WORK TO BE COMPLETED:
I would like the entries transcribed word for word, please, with the pictures removed.

Scraped caption text data:
——————————

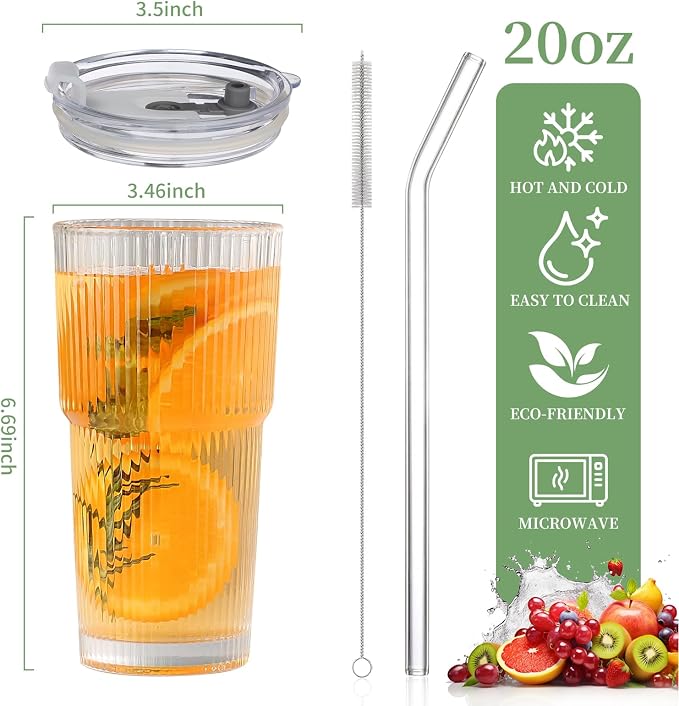 Glass Cups with Lids and Straws – 20oz Glass Tumbler with Straw and Lid - Image 2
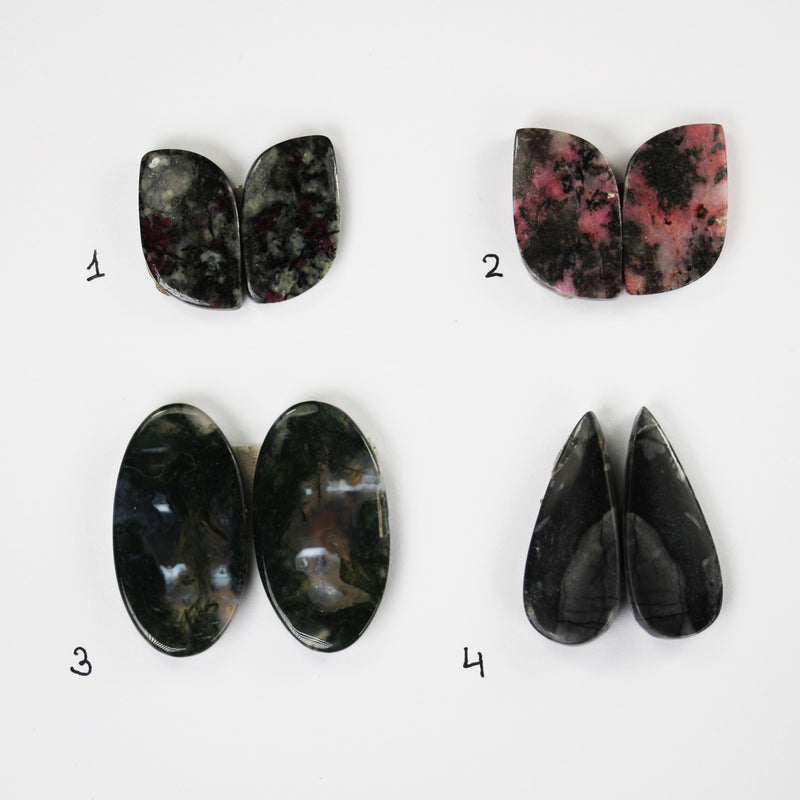 Natural Gemstone Cabochon: Moss Agate, Rhodonite, Jasper, Ruby in Zoisite, Oval/leaf/teardrop shape, 2pcs/1 pair, no hole, flat back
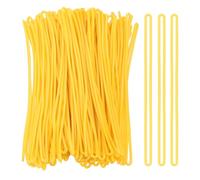 PATIKIL Luggage tag Loops, 100 Pcs PVC Luggage Loop Straps Bag Tag Loops Luggage Tag Holders Worm Loops Tag Holders for ID Card Bags Suitcase Label Fasteners, Yellow
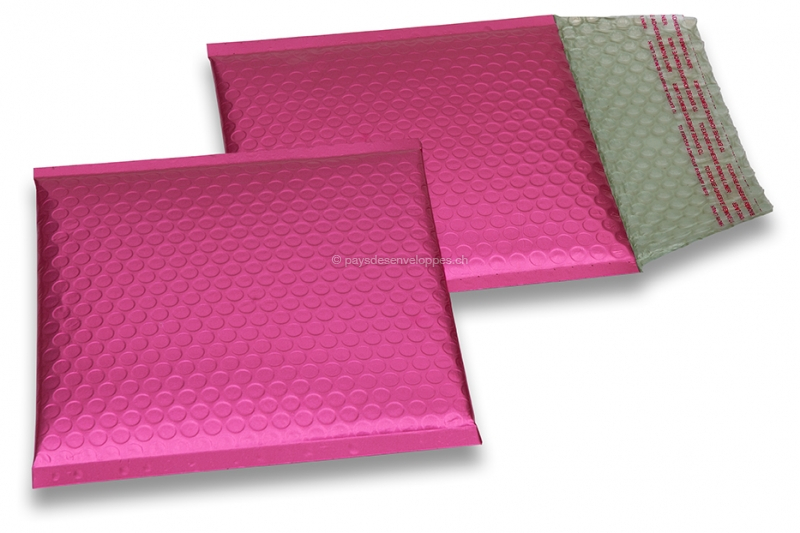 Enveloppes à bulles ECO métallisées mat colorées - rose 165 x 165 mm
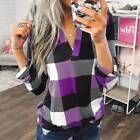 Women's V-Neck Long Sleeve Plaid T-Shirt Ladies Casual Loose Blouse Tops Tee US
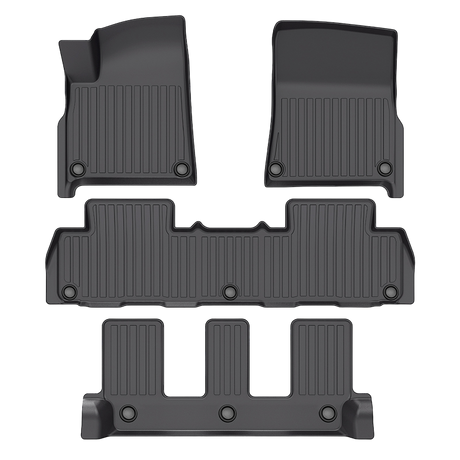 LinerX Floor Mats for 2022-2024 Rivian R1S, made from black Thermoplastic Elastomer with a ridged texture for advanced performance, are shown vertically on a plain white background.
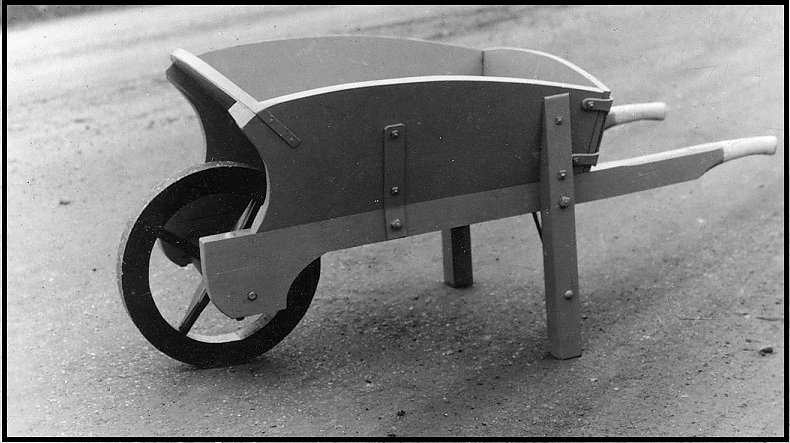 An early Gibbs Hampton Pattern wheelbarrow.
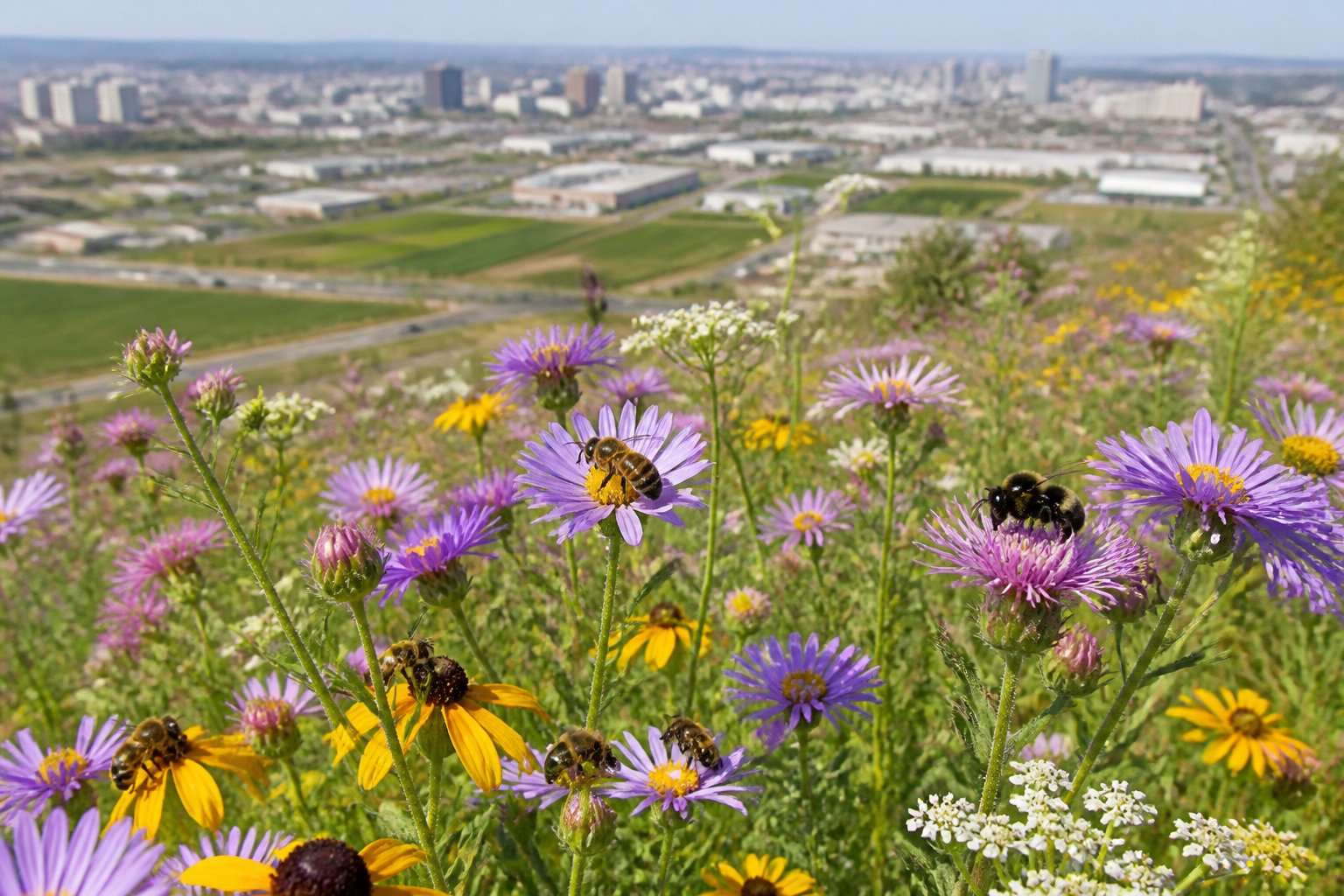 Bees pollinating wildflowers in a meadow near an urban area showing the impact of human activity on their natural habitat.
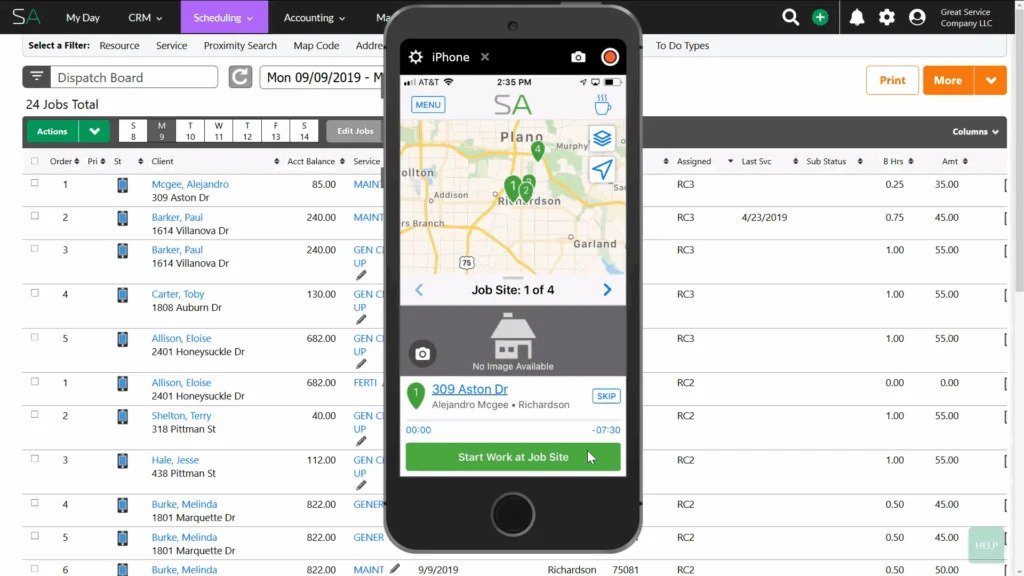 GPS, Maps & Routing on Service Autopilot app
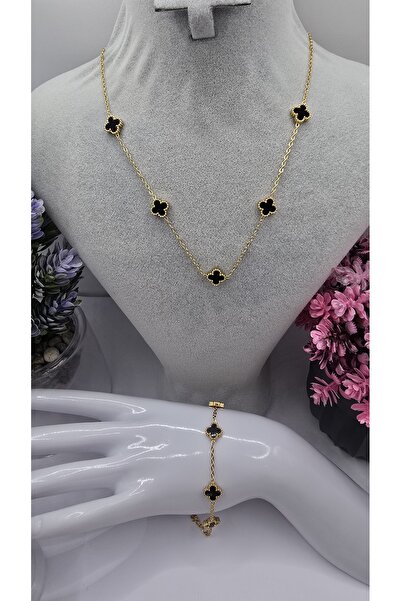 ahsenaksesuar2025 Küçük Boy Siyah Van Cleef Yonca Model Gold Renk Paslanmaz Ç...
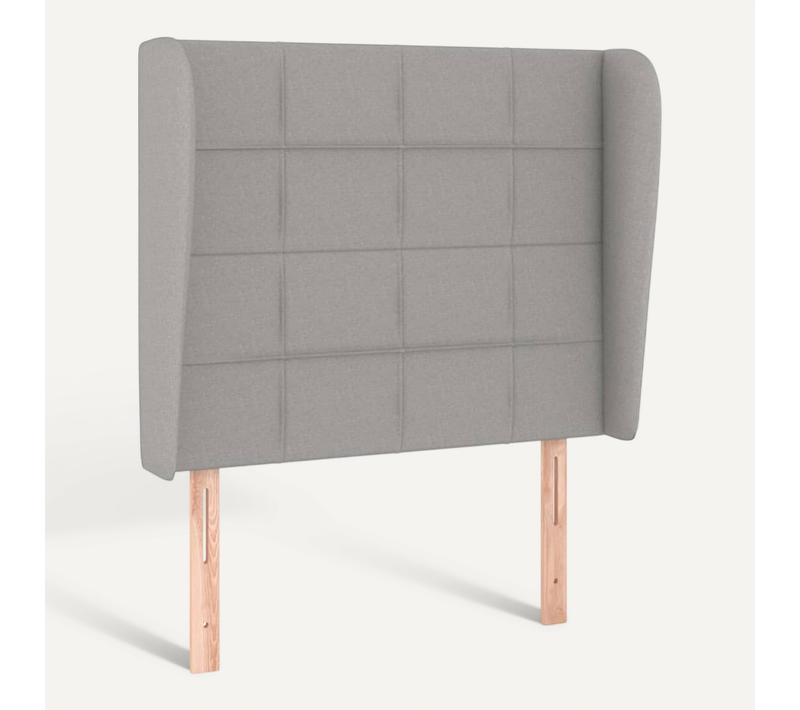 Tête De Lit Avec Oreilles Gris Clair 83x23x118/128 Cm Tissu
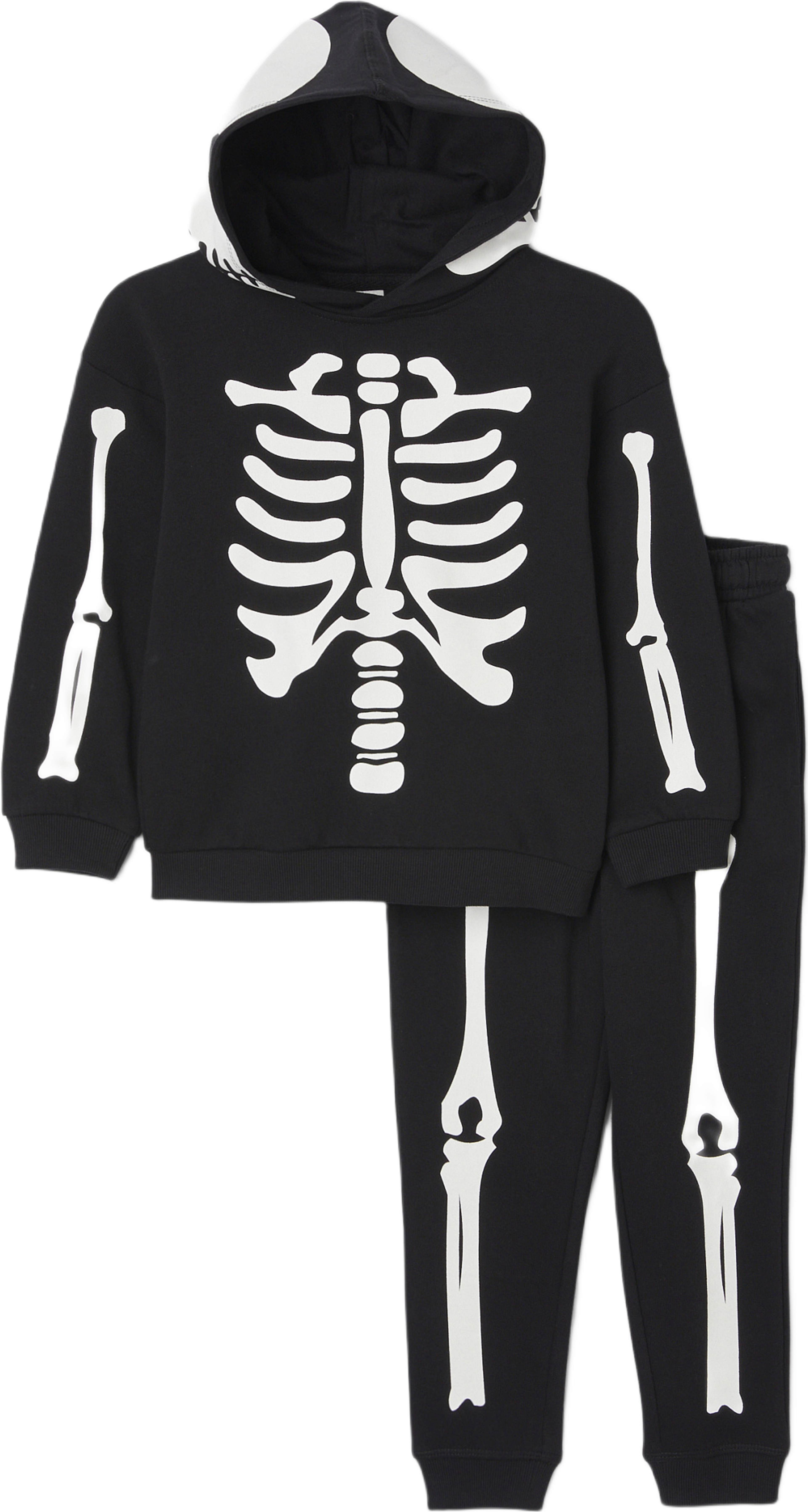 Mjukis-set med tryck SKELETON, från Åhléns, i färgen Real Black. Klicka för att öppna bilden i stort format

——————————

RESULT OF THIS EXERCISE:
 Glass Cups with Lids and Straws – 20oz Glass Tumbler with Straw and Lid - Image 2
 Natural Gemstone Cabochon: Moss Agate, Rhodonite, Jasper, Ruby in Zoisite, Oval/leaf/teardrop shape, 2pcs/1 pair, no hole, flat back
 PATIKIL Luggage tag Loops, 100 Pcs PVC Luggage Loop Straps Bag Tag Loops Luggage Tag Holders Worm Loops Tag Holders for ID Card Bags Suitcase Label Fasteners, Yellow
 Enveloppes à bulles ECO métallisées mat colorées - rose 165 x 165 mm
 Women's V-Neck Long Sleeve Plaid T-Shirt Ladies Casual Loose Blouse Tops Tee US
 LinerX Floor Mats for 2022-2024 Rivian R1S, made from black Thermoplastic Elastomer with a ridged texture for advanced performance, are shown vertically on a plain white background.
 An early Gibbs Hampton Pattern wheelbarrow.
 Bees pollinating wildflowers in a meadow near an urban area showing the impact of human activity on their natural habitat.
 GPS, Maps & Routing on Service Autopilot app
 ahsenaksesuar2025 Küçük Boy Siyah Van Cleef Yonca Model Gold Renk Paslanmaz Ç...
 Tête De Lit Avec Oreilles Gris Clair 83x23x118/128 Cm Tissu
 Mjukis-set med tryck SKELETON, från Åhléns, i färgen Real Black. Klicka för att öppna bilden i stort format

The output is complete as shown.